Exercise requirements
Output each entry that follows exactly. Images stay out.

(Dataset items)
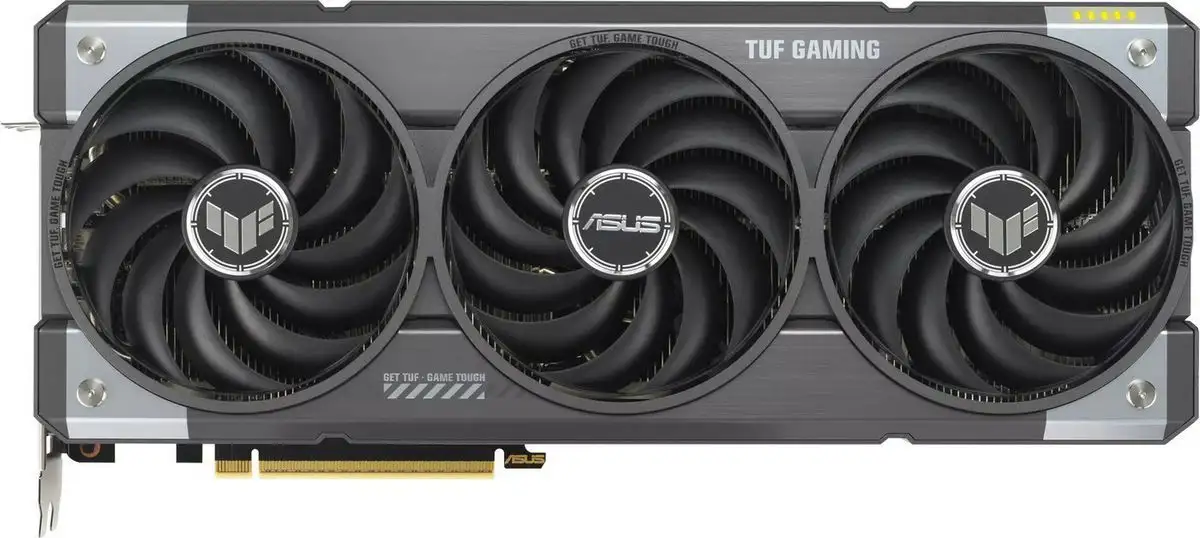 Видеокарта ASUS TUF Gaming GeForce RTX 5070 12GB GDDR7 OC Edition TUF-RTX5070-O12G-GAMING – фото товара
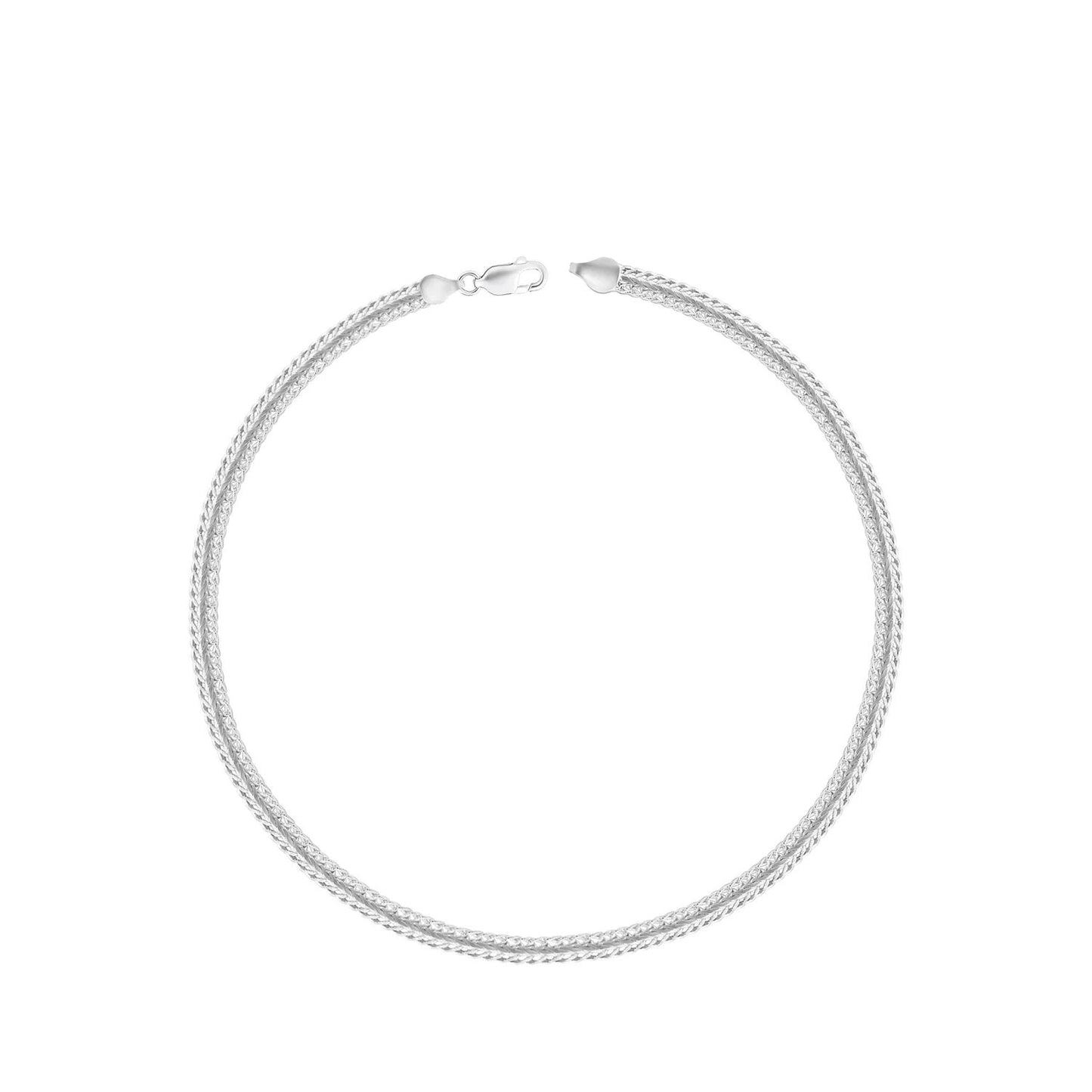 Woven Chain Bracelet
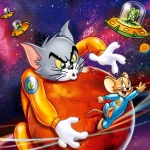 TV Show Tom And Jerry PFP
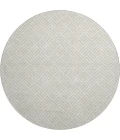 Dalyn The Reserve Ivory TR3 8ft. x 8ft. Rug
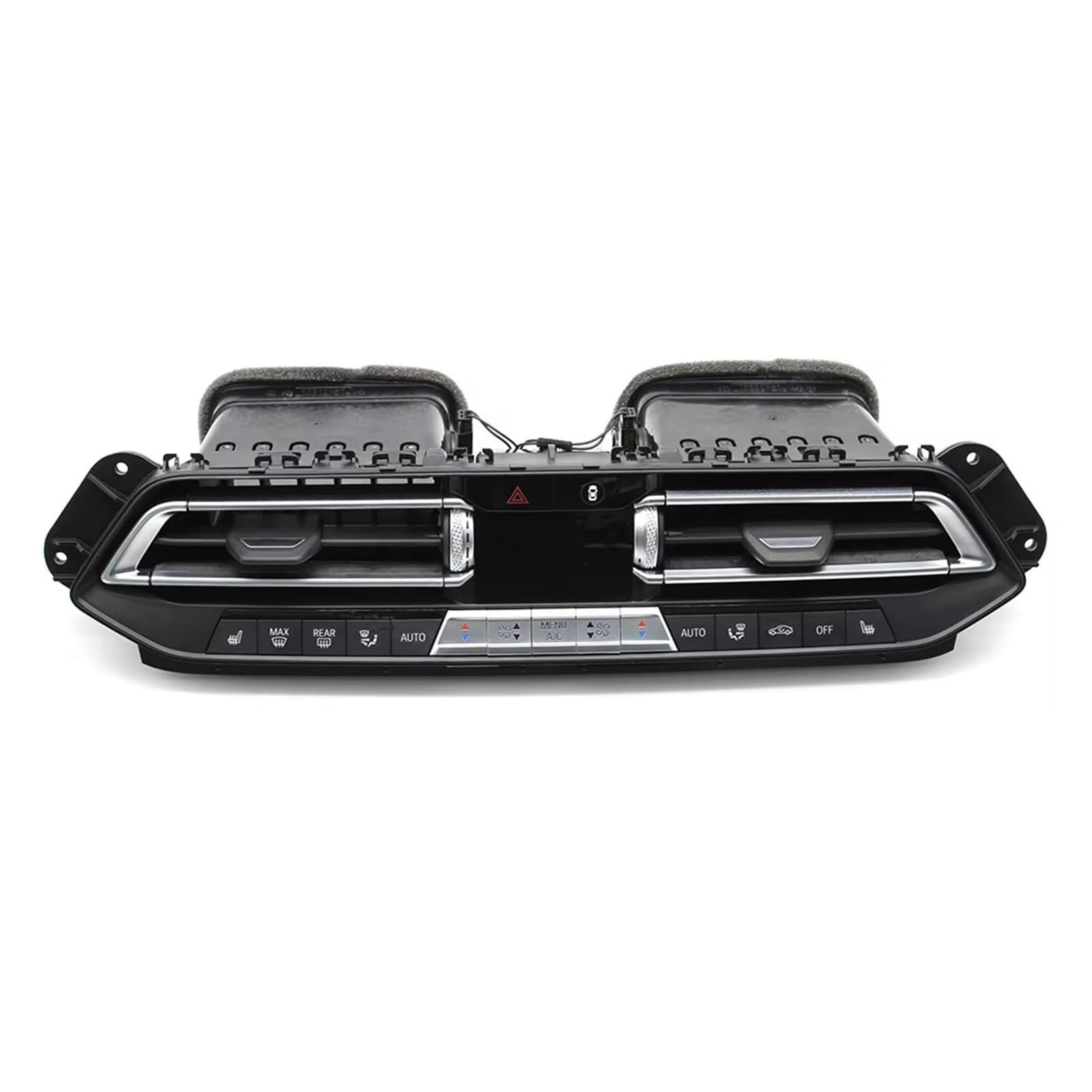 A/C-Auslassöffnung Für X5 G05 Für X6 G06 Für X7 G07 2019-2021 64119462381 Front Dashboard Mitte Klimaanlage AC Vent Grille Outlet Montage Klimaanlage Outlet von Drkxdt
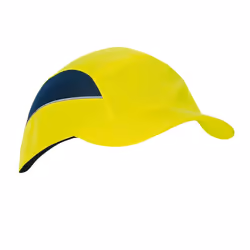 Portwest AirTech Bump Cap - One Size, Hi Viz Yellow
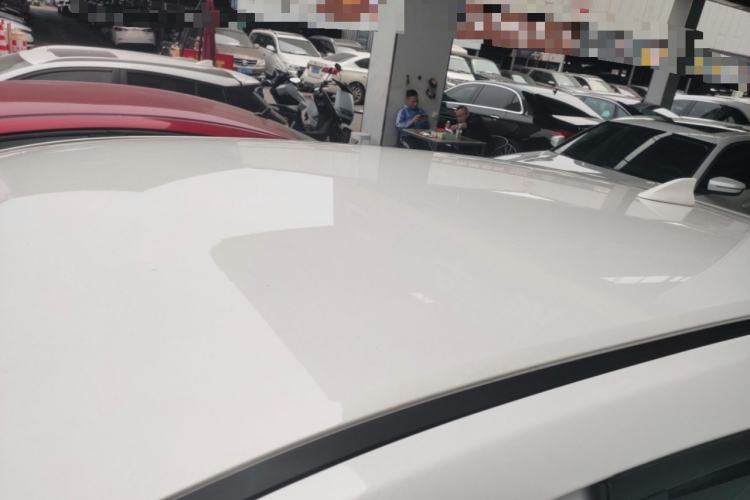 Used Mazda CX-5 2024 2.0L Automatic Two-Wheel Drive Comfort Version
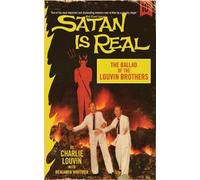Benjamin Whitmer Charlie Louvin Satan Is Real (Tascabile)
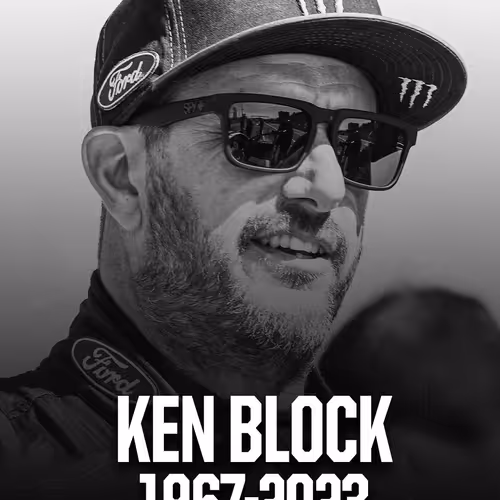 KEN BLOCK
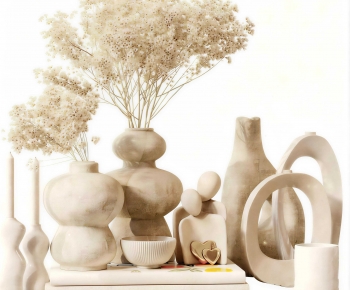 Wabi-sabi Style Clay Pot-ID:559091094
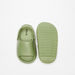 Aqua Solid Slip-On Slides-Boy%27s Flip Flops & Beach Slippers-thumbnail-4
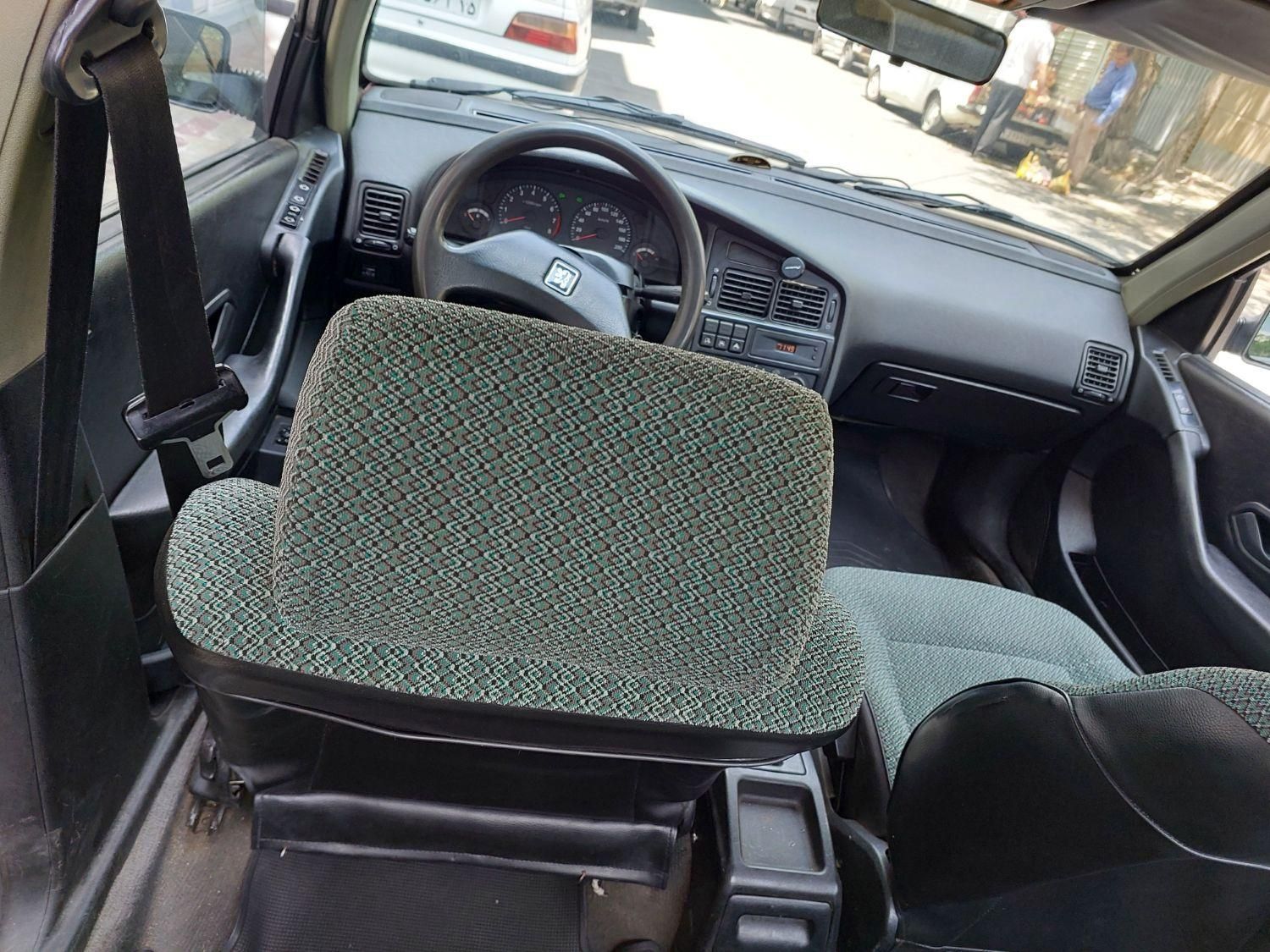 پژو 405 GLX - دوگانه سوز - 1386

Worked solution
 Видеокарта ASUS TUF Gaming GeForce RTX 5070 12GB GDDR7 OC Edition TUF-RTX5070-O12G-GAMING – фото товара
 Woven Chain Bracelet
 TV Show Tom And Jerry PFP
 Dalyn The Reserve Ivory TR3 8ft. x 8ft. Rug
 A/C-Auslassöffnung Für X5 G05 Für X6 G06 Für X7 G07 2019-2021 64119462381 Front Dashboard Mitte Klimaanlage AC Vent Grille Outlet Montage Klimaanlage Outlet von Drkxdt
 Portwest AirTech Bump Cap - One Size, Hi Viz Yellow
 Used Mazda CX-5 2024 2.0L Automatic Two-Wheel Drive Comfort Version
Benjamin Whitmer Charlie Louvin Satan Is Real (Tascabile)
 KEN BLOCK
 Wabi-sabi Style Clay Pot-ID:559091094
 Aqua Solid Slip-On Slides-Boy%27s Flip Flops & Beach Slippers-thumbnail-4
 پژو 405 GLX - دوگانه سوز - 1386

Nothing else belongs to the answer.